* _EXERCISE_
Below is some data. Retype exactly the lines starting at the one with "784 E Front St, Logan, OH 43138 photo 6" and ending at the one with "Certified 2024 Ford".

* _MATERIAL PROVIDED_
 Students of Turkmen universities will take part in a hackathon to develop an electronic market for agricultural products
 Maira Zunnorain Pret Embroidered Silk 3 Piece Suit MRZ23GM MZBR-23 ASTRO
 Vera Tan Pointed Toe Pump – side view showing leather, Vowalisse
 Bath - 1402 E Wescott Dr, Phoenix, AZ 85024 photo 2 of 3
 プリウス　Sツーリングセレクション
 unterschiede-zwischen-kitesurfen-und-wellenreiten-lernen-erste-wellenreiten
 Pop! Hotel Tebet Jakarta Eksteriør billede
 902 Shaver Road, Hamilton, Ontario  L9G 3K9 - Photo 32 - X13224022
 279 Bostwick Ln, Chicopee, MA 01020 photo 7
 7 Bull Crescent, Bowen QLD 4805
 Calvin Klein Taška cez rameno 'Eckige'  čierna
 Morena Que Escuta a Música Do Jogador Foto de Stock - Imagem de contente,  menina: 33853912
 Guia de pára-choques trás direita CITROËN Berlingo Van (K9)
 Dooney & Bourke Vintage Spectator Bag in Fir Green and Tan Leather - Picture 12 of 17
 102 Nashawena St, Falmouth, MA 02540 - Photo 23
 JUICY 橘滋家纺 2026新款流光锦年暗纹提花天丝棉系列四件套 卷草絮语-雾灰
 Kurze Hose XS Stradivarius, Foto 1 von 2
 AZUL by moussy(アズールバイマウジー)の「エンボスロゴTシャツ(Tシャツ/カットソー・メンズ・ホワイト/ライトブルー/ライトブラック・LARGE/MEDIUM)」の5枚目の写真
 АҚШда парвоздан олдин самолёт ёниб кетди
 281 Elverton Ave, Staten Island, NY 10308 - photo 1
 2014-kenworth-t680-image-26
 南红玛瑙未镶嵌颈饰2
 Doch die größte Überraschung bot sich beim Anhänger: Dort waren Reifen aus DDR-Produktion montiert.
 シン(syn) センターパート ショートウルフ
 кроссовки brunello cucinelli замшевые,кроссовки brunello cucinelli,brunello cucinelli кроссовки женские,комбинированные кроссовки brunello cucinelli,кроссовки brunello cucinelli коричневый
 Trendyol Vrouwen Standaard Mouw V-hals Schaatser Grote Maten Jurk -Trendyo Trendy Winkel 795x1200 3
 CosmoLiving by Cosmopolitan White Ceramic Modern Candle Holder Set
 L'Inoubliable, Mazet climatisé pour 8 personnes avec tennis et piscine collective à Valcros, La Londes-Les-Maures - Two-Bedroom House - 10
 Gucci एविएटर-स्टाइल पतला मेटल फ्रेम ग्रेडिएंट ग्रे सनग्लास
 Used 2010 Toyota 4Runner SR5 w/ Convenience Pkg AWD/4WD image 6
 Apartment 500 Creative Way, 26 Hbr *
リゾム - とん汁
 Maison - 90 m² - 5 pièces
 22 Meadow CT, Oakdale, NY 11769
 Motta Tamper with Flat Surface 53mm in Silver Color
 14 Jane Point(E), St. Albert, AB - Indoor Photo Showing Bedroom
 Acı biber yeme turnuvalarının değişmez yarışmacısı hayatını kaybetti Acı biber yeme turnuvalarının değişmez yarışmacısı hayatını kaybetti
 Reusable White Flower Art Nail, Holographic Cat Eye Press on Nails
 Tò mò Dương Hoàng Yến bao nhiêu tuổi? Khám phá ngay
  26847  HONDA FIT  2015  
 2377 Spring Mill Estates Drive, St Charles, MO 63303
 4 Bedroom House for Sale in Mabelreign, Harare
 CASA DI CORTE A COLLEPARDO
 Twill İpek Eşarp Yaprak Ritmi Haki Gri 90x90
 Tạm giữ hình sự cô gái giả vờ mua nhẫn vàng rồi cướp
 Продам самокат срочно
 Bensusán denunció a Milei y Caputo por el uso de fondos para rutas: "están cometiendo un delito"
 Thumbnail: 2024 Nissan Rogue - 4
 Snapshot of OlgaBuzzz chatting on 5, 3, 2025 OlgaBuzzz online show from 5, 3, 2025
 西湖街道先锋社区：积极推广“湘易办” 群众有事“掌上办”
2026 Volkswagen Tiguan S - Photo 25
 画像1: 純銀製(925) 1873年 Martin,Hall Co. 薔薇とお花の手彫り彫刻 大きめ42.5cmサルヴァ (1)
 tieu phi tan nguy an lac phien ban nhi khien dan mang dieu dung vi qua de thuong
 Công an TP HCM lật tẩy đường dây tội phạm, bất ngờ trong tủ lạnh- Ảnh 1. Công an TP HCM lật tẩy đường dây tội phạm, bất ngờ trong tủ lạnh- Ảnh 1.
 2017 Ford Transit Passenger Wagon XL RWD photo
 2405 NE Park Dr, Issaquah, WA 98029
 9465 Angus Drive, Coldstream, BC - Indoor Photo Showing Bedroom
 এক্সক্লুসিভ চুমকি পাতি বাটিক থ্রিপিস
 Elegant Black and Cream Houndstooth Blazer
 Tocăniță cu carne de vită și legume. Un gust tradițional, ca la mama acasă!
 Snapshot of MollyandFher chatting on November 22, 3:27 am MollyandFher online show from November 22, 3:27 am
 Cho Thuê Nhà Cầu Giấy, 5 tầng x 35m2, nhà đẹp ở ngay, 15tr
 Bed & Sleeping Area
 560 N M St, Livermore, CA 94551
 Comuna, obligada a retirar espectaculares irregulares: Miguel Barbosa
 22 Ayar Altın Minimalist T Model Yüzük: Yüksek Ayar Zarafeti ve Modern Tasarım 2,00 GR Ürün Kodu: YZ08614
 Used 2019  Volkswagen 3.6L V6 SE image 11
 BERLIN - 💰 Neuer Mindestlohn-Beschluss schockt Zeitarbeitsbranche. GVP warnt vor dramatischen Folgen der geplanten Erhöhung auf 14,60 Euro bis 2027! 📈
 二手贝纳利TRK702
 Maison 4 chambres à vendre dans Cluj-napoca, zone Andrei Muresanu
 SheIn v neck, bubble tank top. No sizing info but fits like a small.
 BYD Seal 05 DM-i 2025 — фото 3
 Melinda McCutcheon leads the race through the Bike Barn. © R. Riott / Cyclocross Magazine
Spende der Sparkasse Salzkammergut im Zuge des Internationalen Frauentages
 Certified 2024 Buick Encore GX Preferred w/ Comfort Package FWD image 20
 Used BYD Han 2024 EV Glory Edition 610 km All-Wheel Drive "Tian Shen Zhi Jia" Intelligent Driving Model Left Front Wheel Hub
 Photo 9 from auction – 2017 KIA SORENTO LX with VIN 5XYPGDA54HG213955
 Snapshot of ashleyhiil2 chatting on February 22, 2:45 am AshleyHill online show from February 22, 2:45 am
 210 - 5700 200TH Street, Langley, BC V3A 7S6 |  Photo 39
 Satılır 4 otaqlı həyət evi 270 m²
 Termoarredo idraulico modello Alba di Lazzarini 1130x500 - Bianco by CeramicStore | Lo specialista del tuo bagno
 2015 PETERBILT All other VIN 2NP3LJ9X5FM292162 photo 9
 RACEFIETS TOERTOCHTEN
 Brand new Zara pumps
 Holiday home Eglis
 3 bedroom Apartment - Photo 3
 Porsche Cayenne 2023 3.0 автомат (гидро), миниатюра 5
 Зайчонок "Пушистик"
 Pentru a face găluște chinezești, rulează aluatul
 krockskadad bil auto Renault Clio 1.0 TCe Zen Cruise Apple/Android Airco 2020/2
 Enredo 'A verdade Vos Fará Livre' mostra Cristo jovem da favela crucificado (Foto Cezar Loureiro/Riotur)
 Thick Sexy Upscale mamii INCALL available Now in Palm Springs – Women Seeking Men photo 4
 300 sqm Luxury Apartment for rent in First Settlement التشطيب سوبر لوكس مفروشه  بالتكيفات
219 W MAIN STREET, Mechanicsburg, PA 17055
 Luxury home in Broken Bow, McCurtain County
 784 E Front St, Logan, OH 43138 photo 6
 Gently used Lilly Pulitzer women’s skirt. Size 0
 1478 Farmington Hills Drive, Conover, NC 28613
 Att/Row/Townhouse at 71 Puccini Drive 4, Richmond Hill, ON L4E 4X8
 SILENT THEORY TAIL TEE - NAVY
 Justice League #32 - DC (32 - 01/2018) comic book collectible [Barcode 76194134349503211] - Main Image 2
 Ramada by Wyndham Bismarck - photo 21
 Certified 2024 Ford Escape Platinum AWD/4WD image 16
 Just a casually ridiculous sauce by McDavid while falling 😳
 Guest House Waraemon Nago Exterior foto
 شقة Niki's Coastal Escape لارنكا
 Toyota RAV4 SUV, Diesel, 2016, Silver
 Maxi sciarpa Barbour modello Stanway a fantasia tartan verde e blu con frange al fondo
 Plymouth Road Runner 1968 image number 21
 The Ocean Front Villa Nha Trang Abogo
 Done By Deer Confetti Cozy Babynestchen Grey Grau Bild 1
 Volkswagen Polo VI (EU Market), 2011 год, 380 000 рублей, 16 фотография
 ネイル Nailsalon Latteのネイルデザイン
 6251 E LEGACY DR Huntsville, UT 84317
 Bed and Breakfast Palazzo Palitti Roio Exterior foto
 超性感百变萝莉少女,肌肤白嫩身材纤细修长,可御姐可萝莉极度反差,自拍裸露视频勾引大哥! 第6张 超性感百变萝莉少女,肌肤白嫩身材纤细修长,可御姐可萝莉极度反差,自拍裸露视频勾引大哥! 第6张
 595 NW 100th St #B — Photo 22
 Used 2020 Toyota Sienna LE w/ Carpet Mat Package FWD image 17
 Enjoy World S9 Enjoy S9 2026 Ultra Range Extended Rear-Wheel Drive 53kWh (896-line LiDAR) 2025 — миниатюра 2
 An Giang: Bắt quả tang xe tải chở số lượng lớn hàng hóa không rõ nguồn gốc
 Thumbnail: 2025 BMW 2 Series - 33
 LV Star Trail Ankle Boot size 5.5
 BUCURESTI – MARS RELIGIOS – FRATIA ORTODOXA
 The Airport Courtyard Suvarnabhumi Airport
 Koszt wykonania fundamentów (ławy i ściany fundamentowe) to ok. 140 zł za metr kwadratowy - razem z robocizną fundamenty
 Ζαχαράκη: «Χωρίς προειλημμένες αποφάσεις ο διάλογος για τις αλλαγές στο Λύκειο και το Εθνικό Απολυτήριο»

* _REPLY_
 784 E Front St, Logan, OH 43138 photo 6
 Gently used Lilly Pulitzer women’s skirt. Size 0
 1478 Farmington Hills Drive, Conover, NC 28613
 Att/Row/Townhouse at 71 Puccini Drive 4, Richmond Hill, ON L4E 4X8
 SILENT THEORY TAIL TEE - NAVY
 Justice League #32 - DC (32 - 01/2018) comic book collectible [Barcode 76194134349503211] - Main Image 2
 Ramada by Wyndham Bismarck - photo 21
 Certified 2024 Ford Escape Platinum AWD/4WD image 16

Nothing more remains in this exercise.